Instrumen Investasi Berbasis Dolar AS Kembali Menarik Dilirik, Ini Alasannya



KONTAN.CO.ID - JAKARTA. Kenaikan suku bunga yang dilakukan Federal Reserve (The Fed) membuat selisih (spead) antara Fed Funds Rate dengan suku bunga Bank Indonesia (BI) semakin menipis. Pada kondisi ini, instrumen investasi berbasis dolar Amerika Serikat (AS) menarik dipantau.

The Fed meningkatkan suku bunga sebesar 25 bps menuju level 5%-5,25% pada pertemuan FOMC Mei 2023. Sementara, BI 7-DAY Reverse Repo Rate masih tertahan berada di level 5,75%. Ini artinya selisih antara keduanya hanya 50 bps saja yang menjadi selisih paling tipis sepanjang sejarah.

Presiden dan CEO PT Pinnacle Persada Investama Guntur Putra menilai instrumen investasi berbasis dolar AS selalu menarik untuk dicermati. Walaupun pada saat ini memang dari sisi kurs dolar Amerika Serikat (AS) tengah melemah secara keseluruhan karena ekspektasi investor dan pasar terkait perlambatan ekonomi AS.


Dengan selisih yang semakin dekat, instrumen investasi berbasis obligasi dianggap cukup menarik pada saat ini.  Di mana, kemungkinan besar suku bunga The Fed ke depannya akan di jeda lalu bergerak melandai.

Tetapi, Guntur bilang, kondisi ini masih tergantung dari berbagai faktor salah satunya tingkat inflasi Amerika Serikat. Jika Negeri Paman Sam masih sulit memerangi inflasi, maka suku bunga The Fed bisa naik lagi.

Baca Juga: Intip Strategi BNP Paribas Kelola Aset Reksadana Saham

Selisih juga menunggu langkah Bank Indonesia (BI) pada rapat pertengahan Mei mendatang. BI tentunya akan melakukan evaluasi dan pertimbangan untuk menaikkan tingkat suku bunga atau tetap bertahan di level 5,75% yang artinya tidak menaikkan tingkat suku bunga.

Guntur menyarankan investor sebaiknya tetap berinvestasi sesuai dengan tujuan investasi masing-masing. Salah satu jalan untuk mengurangi risiko dengan mendiversifikasikan aset ke berbagai instrumen investasi salah satunya berbasis dolar AS.

Chief Analyst DCFX Futures Lukman Leong mengamati, obligasi pemerintah AS tentu menarik dicermati saat sesilih bunga semakin kecil. Dengan kebijakan suku bunga the Fed yang diperkirakan telah mencapai puncaknya, maka suku bunga obligasi AS akan cenderung turun, hal ini akan menaikkan nilai obligasi tersebut.

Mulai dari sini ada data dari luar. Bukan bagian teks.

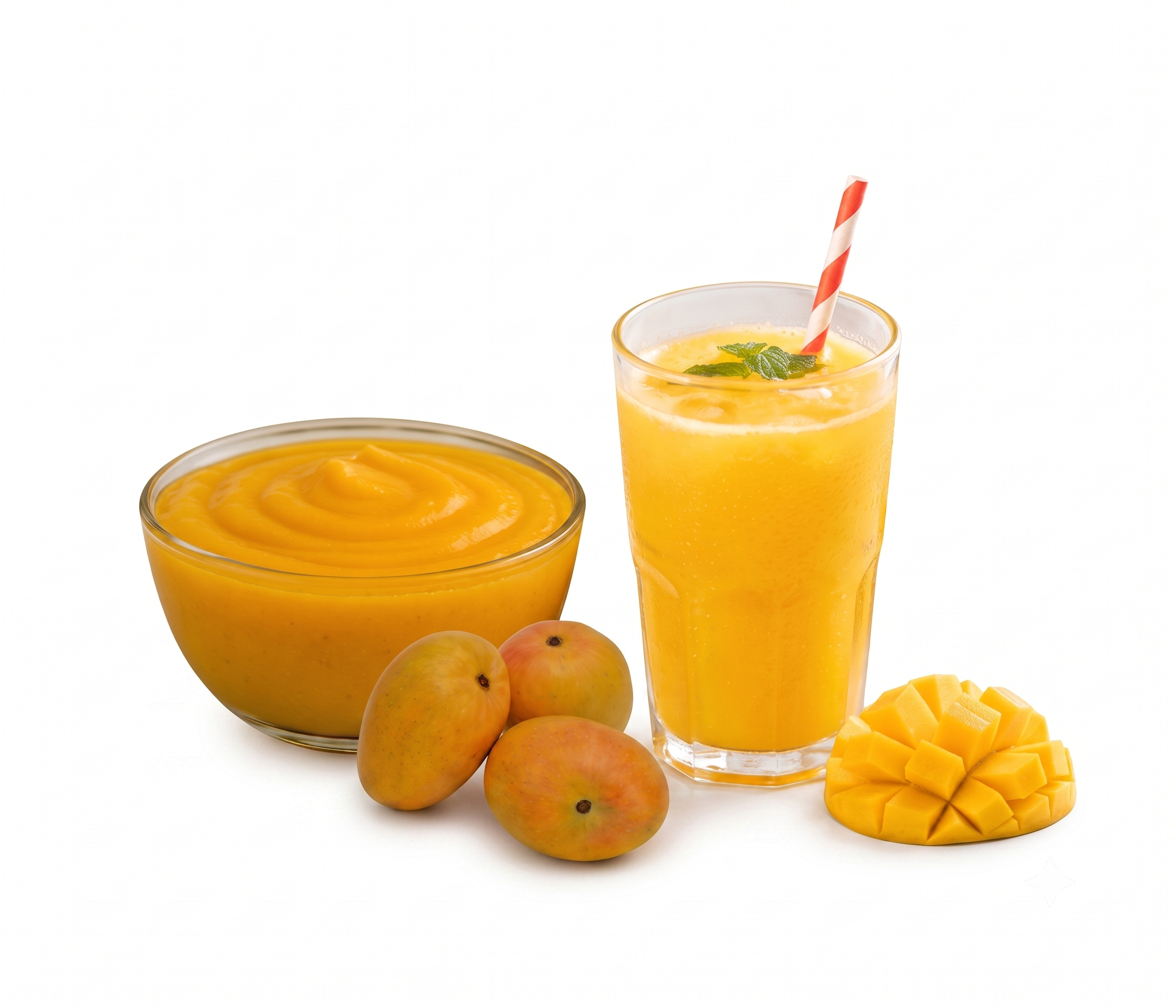 Mango Pulp / Mango Squash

Surat Berharga Negara (SBN) juga layak menjadi salah satu portofolio investasi. Imbal hasil obligasi surat utang tanah air diperkirakan masih akan terus turun yang artinya meningkatkan harga SBN.

Selain obligasi, Lukman melihat rupiah akan terus bergerak menguat terhadap dolar AS. Pada kondisi ini, investor dapat memanfaatkan momentum selisih nilai tukar untuk mendapatkan keuntungan yang lebih besar.

Menurut Lukman, kurs rupiah akan terus menguat karena didukung oleh surplus perdagangan berkelanjutan. Terlebih, cadangan devisa akan meningkat secara signifikan setelah adanya revisi pp no. 1 tahun 2019 mengenai Devisa Hasil Ekspor (DHE).

Baca Juga: Yield Obligasi Tenor 10 Tahun Menguat Sejak Awal Tahun, Simak Prospeknya

"Rupiah juga didukung oleh ekspektasi pertumbuhan ekonomi yang kuat, serta inflasi yang sudah turun mendekati target BI di kisaran 2%-4%," kata Lukman kepada Kontan.co.id, Kamis (4/5).

Lukman turut merekomendasikan investasi pada CHF yang terus menguat terhadap dolar AS sejak Januari 2021. Sentimen positif untuk mata uang negara Swiss tersebut didukung oleh tingkat suku bunga yang relatif tinggi sebagai mata uang lindung nilai (safe haven).

CHF juga didukung oleh surplus perdagangan dan neraca transaksi berjalan (current account) yang kuat.